Было сделано несколько попыток определить ту социальную среду, к которой принадлежал автор «Моления». Эти попытки приводили к внешне противоречивым результатам. Одни из исследователей считают его дворянином[155]
, другие – дружинником князя[156], третьи – холопом[157], четвертые предполагают, что Даниил вообще не имел устойчивого социального положения[158]. И вместе с тем, несмотря на всю внешнюю противоречивость выводов о том, кем был автор «Моления» по социальному происхождению, одно не представляет сомнений: автор «Моления» принадлежал не к господствующим классам общества, а к зависимым. Он называет себя «холопом». Называл ли он себя так в точном и узком значении этого слова, которое постоянно встречается в актовом материале Древней Руси, или в более общем и более неопределенном значении «слуга», «подданный», «зависимый человек», которое встречается по преимуществу в памятниках литературы, – все равно, в этом слове автор «Моления» подчеркнул свое невысокое социальное положение. Называет себя автор «Моления» и «дворянином» («всякому дворянину имети честь и милость у князя»)[159], но и эта его самохарактеристика не должна пониматься слишком буквально. Положение «дворянина» для XII–XIII веков было не выше положения любого представителя княжеской дворни. Многочисленные «редакторы» «Моления» постоянно подчеркивают только одно – зависимое, низкое положение Даниила, не уточняя этого положения никакими конкретными социальными определениями.Однако к какой бы категории зависимых людей ни принадлежал Даниил, одна черта выделяет его из всех: Даниил подчеркивает свою полную зависимость только от князя. Только в князе видит он возможный источник своего благополучия, только князя восхваляет, превозносит до небес. Это обстоятельство позволяет видеть в Данииле типичного княжеского «милостника», которых особенно много было во Владимиро-Суздальской земле и которые как раз вербовались из самых различных категорий зависимых людей. Княжеские «милостники» были и из холопов, и из крестьян, и из ремесленников, из разорившихся людей самых различных профессий. Это были люди часто пришлые, неустроенные в жизни, единственную свою надежду возлагавшие на князя, на его «милость». Не случайно и самое слово «милость», и обращение к этой «милости» так часты в «Молении». В дальнейшем мы увидим, что определение автора «Моления» как княжеского «милостника» имеет и другие основания.
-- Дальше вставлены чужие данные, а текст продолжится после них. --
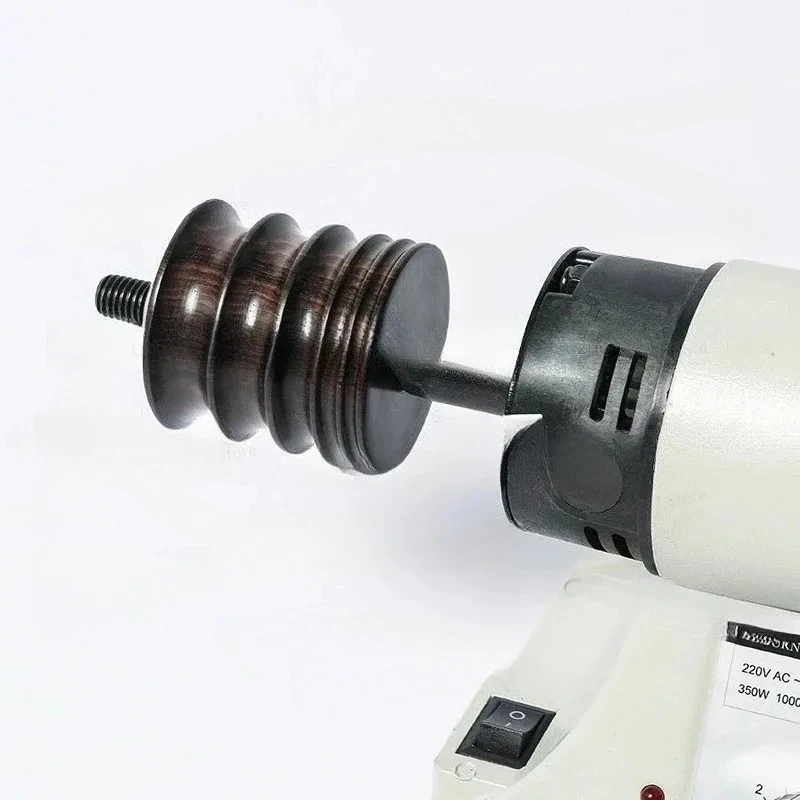 For Small Leather Grinding and Polishing Machine, Desktop Manual Leather Edging Machine, Polishing Tool Side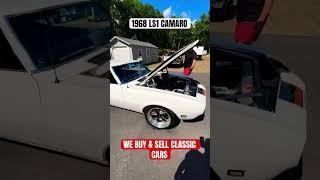 1968 LS1 SWAPPED CAMARO‼️ WE BUY & SELL CLASSIC CARS #vintagecars #cartok #classiccars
Даниил сравнивает князя с весной, украшающей землю цветами, с рекой, напояющей людей и зверей. Князь посылает тучу, грозу. Он так богат, что богатства его нельзя истощить, как чашею нельзя вычерпать море. Щедрый князь – отец слугам, он «заступник теплый», он дает богатства и славу, как земля плод, как дерево «овощь». К нему все приходят и «обретают от печали избавление».
В тоне этого панегирика только очень опытное ухо могло уловить элементы легкой иронии. Во всяком случае, князь не был для Даниила Заточника ни фигурой священной, ни непогрешимой. Его отношение к князю определяется сравнениями из животного мира. Князь подобен орлу над птицами, осетру над рыбами, льву над зверями.
Почему же князь для автора «Моления» все-таки положительная фигура? Князь может своей властью вызволить зависимого человека из нищеты, поднять его по лестнице социальных отношений, защитить от произвола богатых.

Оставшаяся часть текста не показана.